Come that time, plentiful watermelons, plus the presence of large quantities of other fruit such as mango and pineapple would usually send prices tumbling.

“During the fall and winter (months) yu not going to find so much watermelon…It (price) would have reached $100, $110 per pound if the hotels had not closed,” he said.

Campbell pointed to two piles of watermelon in his garage which he had “saved” for a “bredrin” while fending off other vendors.

He had sold over 3,000 pounds of watermelon on Wednesday morning before the news team arrived and over 20,000 pounds over previous days, he said.

However, farmers related calamitous experiences with the honeydew melon, favoured by the hotel industry but largely ignored by Jamaicans for reasons that are not clear.

Ryan Forrest of Great Bay showed the Sunday Observer team a half acre of honeydew melons now ripe and ready for market, which he was “giving away to feed animals” and “make juices”.

Cucumber, from a neighbouring field, was also being given away for the same purposes, all because of the collapse of tourism, said Forrest.

“Better mi give it away than mek it spoil, nobody want it to buy,” said Forrest, who pointed out that he also needed the land to replant.

He had been hit particularly hard by the losses in honeydew since he would have been able to sell 15,000 to 20,000 pounds over a three-week period at about $100 -$130 per pound in normal times.

Fortunately for Forrest, he had hedged his bets by also planting traditional watermelon and had gained significant returns from that crop, he said.

At Flagaman, a gloomy Davis pointed to a quarter acre of honeydew melons, which will be ready for reaping in two weeks.

“I don't know what a going to do with that now,” he said, gesturing towards the honey dew patch.

However, he too had hedged his bets by investing substantially in traditional watermelons, due in three weeks.

Cucumbers and honeydew melons apart, farmers in south St Elizabeth identified tomatoes, lettuce and other leafy vegetables among crops which had suffered a huge slump in demand following the temporary closure of tourism.

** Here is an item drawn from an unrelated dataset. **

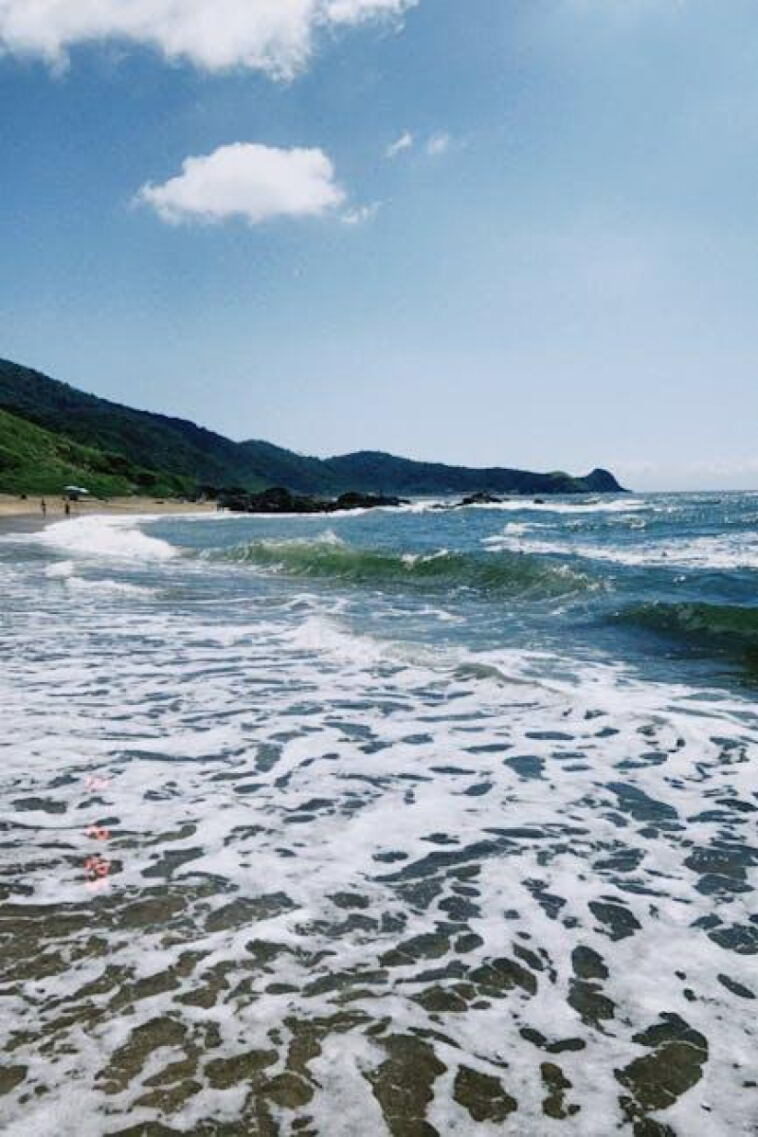 Highly Recommended: Tips for Planning a Cannabis-Friendly Getaway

Reduced market hours and a significant cutback in market shopping because of public fear of the novel coronavirus were also factors, farmers said.

The Jamaica Government has sought to ease pressure on farmers by announcing an injection of $240 million available to buy excess produce from farmers.

Minister without portfolio in the agriculture ministry, JC Hutchinson, said the Rural Agricultural Development Authority (RADA) will be working closely with farmers and efforts will be made to identify and utilise cold storage facilities.

Agro-processors were also expected to increase their use of local produce for value-added products including mash and juices, the Government said.

During Wednesday's tour by the Sunday Observer team, Clarence Holnes (spelling correct) of Bull Savannah said he was now getting $20 per pound for his 'plummy' tomato from vendors compared to $40-$50 per pound a month ago.

Scallion sales had also dropped, he said. “A person who use to buy three, four hundred pounds can only buy 50 pounds now,” said Holnes. He was still able to demand $150 per pound for scallion in the field, he said.

In Malvern, atop the Santa Cruz Mountains, on lands shared by farmers with the BMR wind farm, Linton Miller and two helpers were busy reaping carrots. He was getting $70 to $80 per pound for the root vegetable, he said. Before hotels and schools “lock down” and a general slump in business caused by COVID-19, he was getting $100 to $120 per pound.

He dismissed his tomato crop as a virtual non-starter. “Tomato not moving at all,” said Miller.